We next explored the use of cfDNA as a tool to identify driver alterations in the nine patients with plasma samples. All functional alterations were detected from a single cfDNA sample in four patients. When functional alteration detection was incomplete in cfDNA, this was usually due to the absence of a single functional alteration. An exception was PBr06, for whom 5/7 functional alterations were detected in cfDNA (Supplementary Fig. 16). We then compared the numbers of driver alterations identified in cfDNA with those identified when sampling multiple tissue biopsies (Fig. 5B). The number of driver alterations detected in cfDNA was the same as from a single tissue sample in four cases, but was higher than the mean number of functional alterations identified across single tissue biopsies in the three cases. However, in three cases (PBr04, PBr06, PBi02), the complete set of functional alterations were detected in a single tissue sample, but not in cfDNA. Together, these analyses demonstrate that a single liquid biopsy may allow for more complete detection of driver alterations than in some combinations of multiple tissue samples, but that the presence of non-truncal alterations limits complete identification of functional alterations in some cases.

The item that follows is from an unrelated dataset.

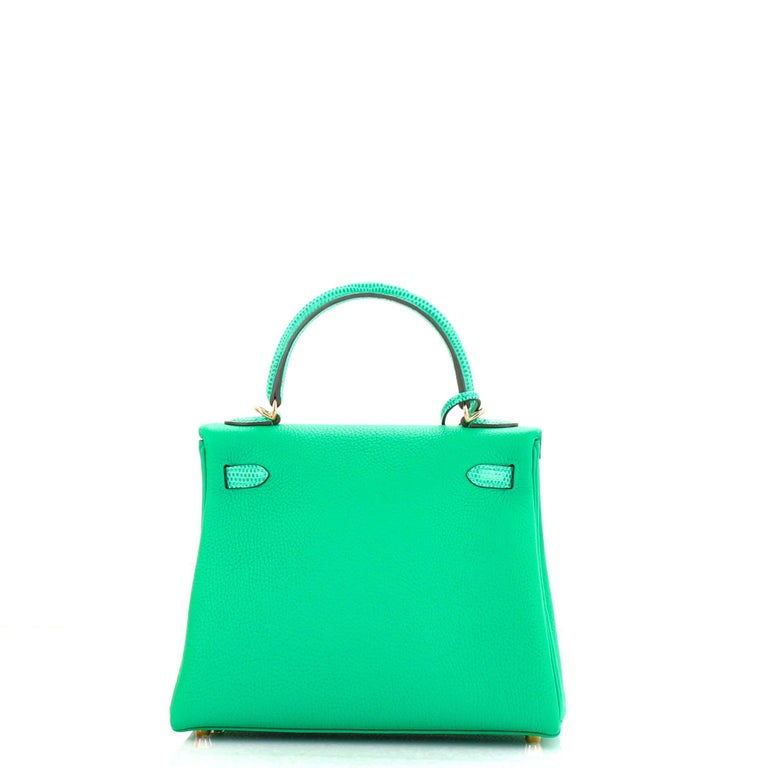 Hermès Togo & Matte Alligator Birkin Touch 25 - Green Handle Bags, Handbags  - HER541337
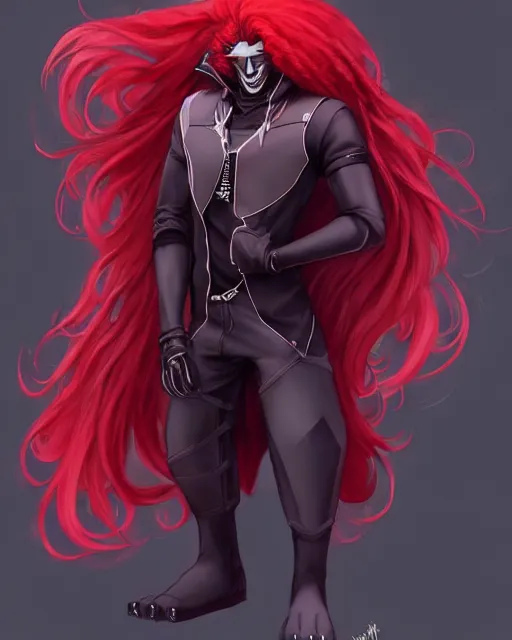 Prompt: character concept art of a black anthropomorphic furry male wolf with long red hair, futuristic | | cute - fine - face, pretty face, key visual, realistic shaded perfect face, fine details by stanley artgerm lau, wlop, rossdraws, james jean, andrei riabovitchev, marc simonetti, and sakimichan, artstation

Targeted therapies may induce a more meaningful clinical response if they are directed against truncal driver alterations rather that alterations that are non-truncal. In practice, it might be assumed a mutation was truncal if it were present in all profiled biopsies. Based on this principle, we considered whether true truncal alterations could be distinguished from non-truncal alterations when randomly profiling two to five lesions (Fig. 5A). For PBr04, two tissue samples were always sufficient for accurately determining driver alteration truncality. However, in the remaining cases, some alterations were incorrectly classified as truncal in some combinations of tissue sample pairs. For example, a mean of 0.47 driver alterations were misclassified as truncal in PBr06 when sampling two lesions, with one or two additional driver alterations falsely classified as truncal in 37.8% and 4.4% of all possible pairs, respectively. A mean of 1.0 alterations were incorrectly classified as being truncal for PBi01 even when sampling five lesions (mean = 1.6 when sampling two lesions), despite the absence of any truncal alterations in this case. This observation demonstrates the potential for incorrectly classifying truncal mutations when a cancer’s evolutionary history is unknown.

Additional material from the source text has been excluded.